With that out of the way, there is definitely a difference in certain capacitors in how they will sound in a circuit. It's not something you can measure with diagnostic equipment because those are just measuring frequency, voltage, current, leakage, etc, etc. It's the reason a tuner works for multiple instruments, but can't tell you what instrument it's tuning. It's just looking for the frequencies. But you can't tell me there is no difference between an "E" played on a guitar vs an "E" played on a trumpet. It sounds completely different even though it's the exact same note, same frequency, same pitch.
A trained ear can tell you the different sounds of guitars and pick out a Strat, Tele, Les Paul, 335, even though they're all guitars. Diagnostic equipment can't make that distinction. it's just frequencies to the equipment. It would tell you, they're all guitars. They're all the same.
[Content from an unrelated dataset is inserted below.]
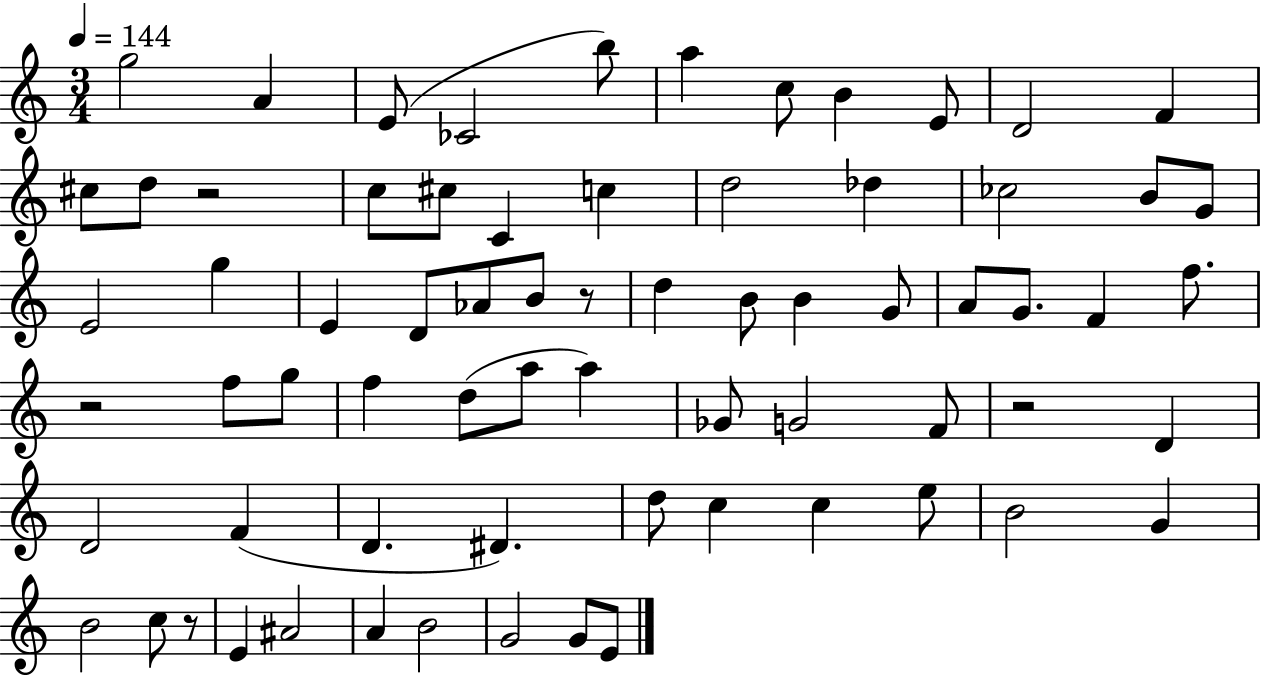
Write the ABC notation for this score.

It's the same principle with capacitors. Some of them are different "instruments". Just because a graph says it's the exact same frequency, voltage, capacitance; that does not mean the sound is going to be identical.
Case in point: some of the earliest recorded examples of a wah sound coming out of a guitar were when people would rapidly rotate their tone knobs and bingo; a wah-like sound. This does not work with all guitars though. Cheap ceramic or shiney green film caps don't tend to wah. I've tried it. But, I put in an old Ajax blue-molded cap like the ones Fender used in many of their 60's amps and viola; my tone knob on my guitar could produce a wah-like sound even though the capacitance was exactly the same as the cheap green cap I replaced. Obviously, the cap was doing something more to the sound than just passing frequencies. It is a different "instrument", different sound.